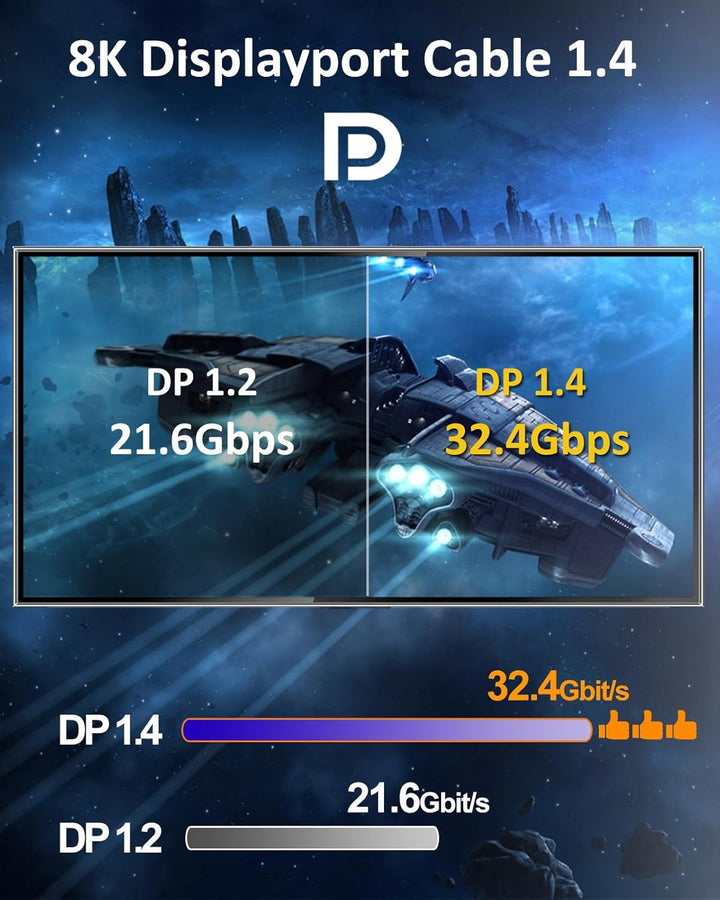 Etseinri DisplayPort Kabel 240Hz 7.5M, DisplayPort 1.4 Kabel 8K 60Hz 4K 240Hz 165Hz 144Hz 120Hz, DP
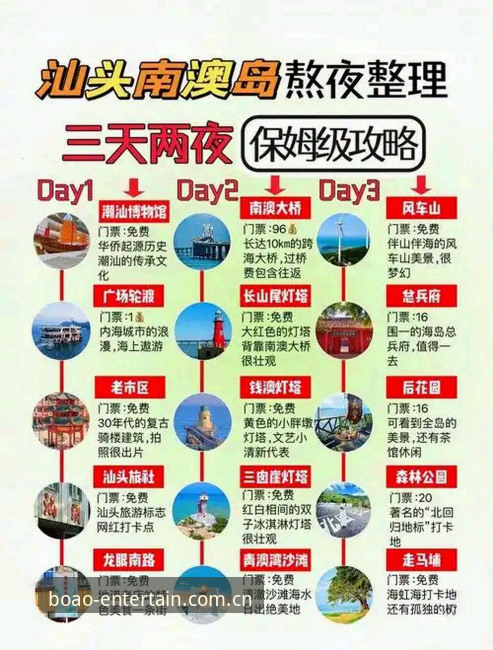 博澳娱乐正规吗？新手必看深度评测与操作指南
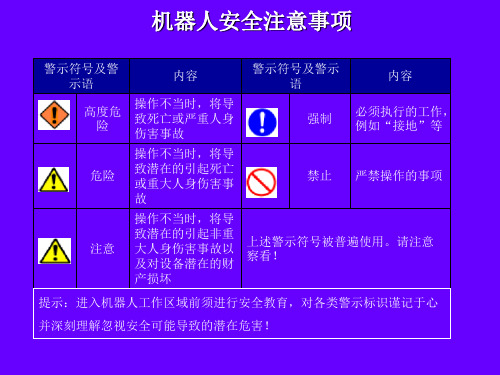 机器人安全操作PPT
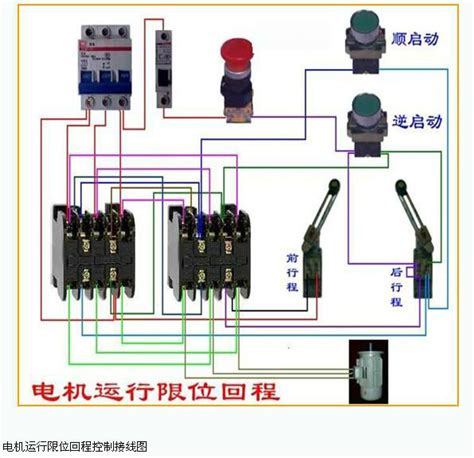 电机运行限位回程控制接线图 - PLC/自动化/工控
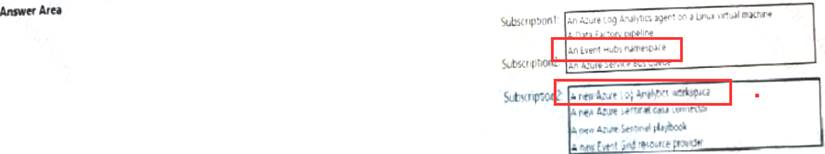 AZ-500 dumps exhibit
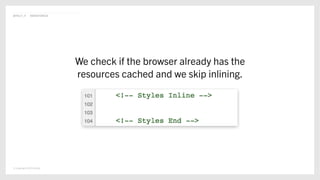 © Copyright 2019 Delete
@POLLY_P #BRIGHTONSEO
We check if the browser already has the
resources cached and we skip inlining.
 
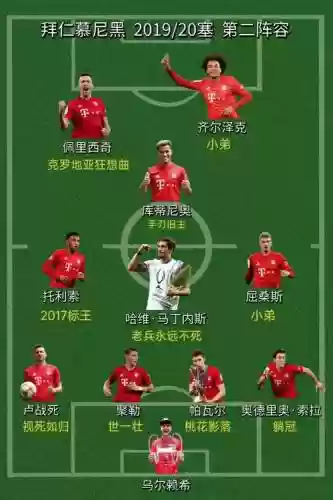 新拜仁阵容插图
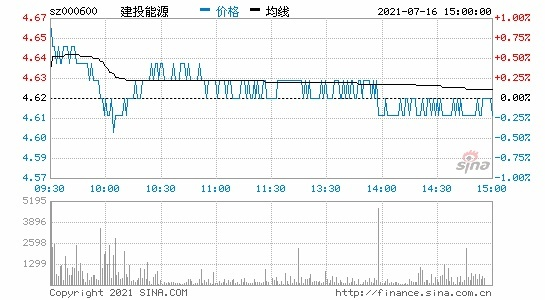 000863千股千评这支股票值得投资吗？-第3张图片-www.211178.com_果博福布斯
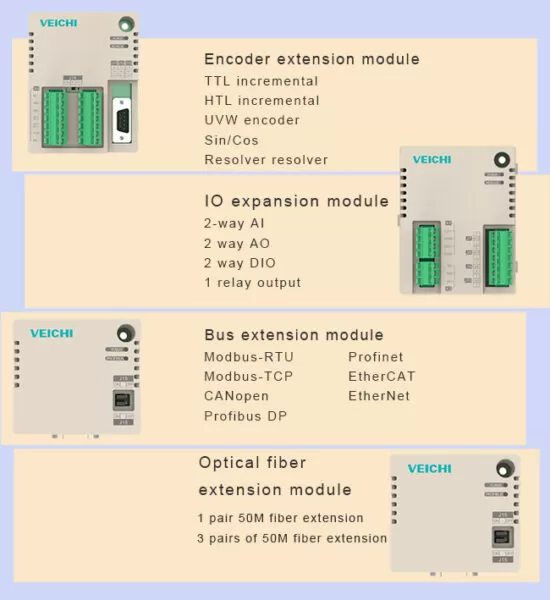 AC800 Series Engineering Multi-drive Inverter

··········

Problem requirements – Please restate word for word each line from the one containing "We check if the browser already has the" to the end of the data above, without the pictures.

Exercise solution –
We check if the browser already has the
resources cached and we skip inlining.
 
 新拜仁阵容插图
 000863千股千评这支股票值得投资吗？-第3张图片-www.211178.com_果博福布斯
 AC800 Series Engineering Multi-drive Inverter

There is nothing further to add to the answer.